E este segundo jogo coloca-nos uma vez mais no papel de Sonny Bonds que tinha começado a sua carreira por ser um polícia de trânsito, tendo sido depois promovido para detective na área dos narcóticos, ainda durante o primeiro jogo. Nesta nova aventura Sonny Bonds é agora um detective na área dos homicídios e eventualmente descobrimos que Death Angel, o barão da droga que aprisionamos no primeiro jogo, acabou por conseguir fugir da cadeia e planeia vingar-se de todos os que contribuiram para a sua prisão. Sinceramente achei a narrativa deste jogo bem mais apelativa!

Felizmente que desta vez as secções de condução estão todas automatizadas!

No que diz respeito às mecânicas de jogo, estas ainda são as de um jogo de aventura gráfica, mas com suporte ao rato muito limitado, pois ainda teremos de escrever comandos para desencadear as acções pretendidas. Ou seja, ainda teremos aqueles momentos um pouco frustrantes em que não sabemos bem que palavras usar, ou teremos de estar numa localização pixel-perfect para o comando ser válido. Mas felizmente todas as secções de condução foram agora simplificadas, pois basta entrar no carro e escrever drive mais a localização pretendida. A restante jogabilidade e puzzles ainda se baseiam muito na correcta utilização dos protocolos policiais, mas já não os achei tão aborrecidos quanto no primeiro jogo. É verdade que continuamos com muitas maneiras de perder o jogo, afinal isto é uma aventura gráfica da Sierra, mas achei a história como um todo e os seus desafios bem mais interessantes. Uma coisa que me esqueci de mencionar no artigo anterior é que os primeiros 3 Police Quest foram produzidos por Jim Walls, um ex-polícia, logo a história foi baseada nalguns factos reais e daí o jogo ter também um grande foco em realismo para a época. O mesmo acontece nesta sequela.

Continuam a haver muitas formas de game over, e teremos de continuar a seguir o protocolo policial, especialmente nos confrontos armados e análise forense

Graficamente é um jogo que corre num novo motor gráfico, que suporta maiores resoluções, logo mais detalhe no ecrã. Ao contrário da série Larry, esta Police Quest sempre quis ter uns visuais mais sérios e realistas e este novo motor de jogo permite-lhes isso, embora ainda com a limitação de poucas cores no ecrã devido ao standard EGA que na época ainda era o topo de gama nos PC. Mas apesar de eu não ter desgostado de todo do aspecto mais realista deste Police Quest II (por outro lado não gostei nada da versão realista do Larry) continuo a apreciar mais o primeiro jogo por ter visuais mais minimalistas e com um pixel art mais cativante na minha opinião. Por outro lado este lançamento já suportava algumas placas de som e as músicas têm todas um feeling muito à Miami Vice, que sinceramente apreciei bastante.
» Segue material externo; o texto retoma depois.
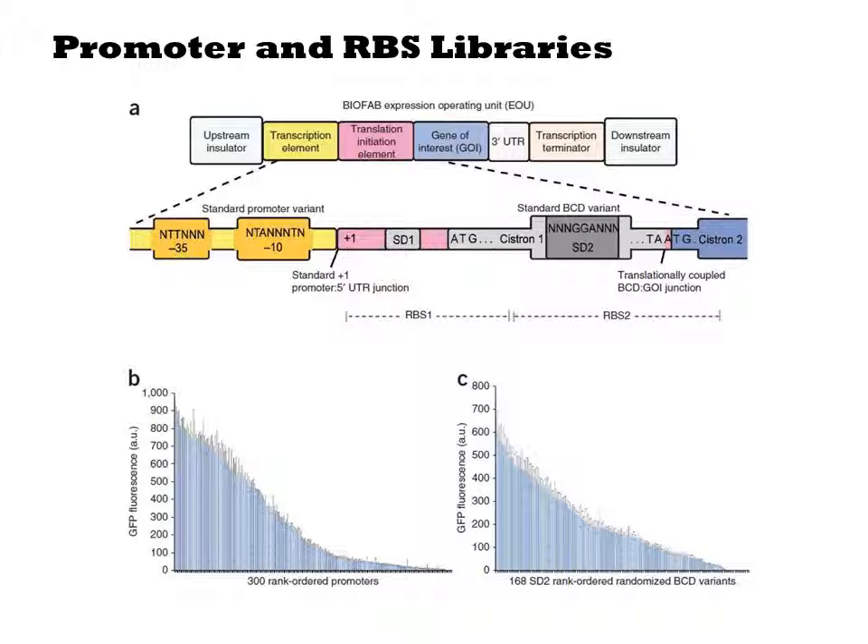They design libraries based on this bicistronic sequence in which Cistron 2 is the GFP open reading frame, so they can watch it using various fluorescence methods. They saturate key –10 and –35 regions of the promoter and the Cistron 1 sequence around the second ribosome binding site. They screen through the diversity in the same way we've seen before with constitutive promoters, and from this they construct families of promoter sequences and SD2 sequences that span three orders of magnitude in expression.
Com o novo motor gráfico os visuais são mais realistas embora ainda com poucas cores. Sinceramente continuo a preferir o look mais minimalista do primeiro jogo!

Portanto devo dizer que gostei bem mais deste segundo Police Quest em relação ao primeiro, principalmente por terem descartado as secções de patrulhamento e pela história ser mais interessante como um todo. A ver como evoluiu a série no Police Quest III, que teve ainda a produção a cargo do ex-polícia Jim Walls.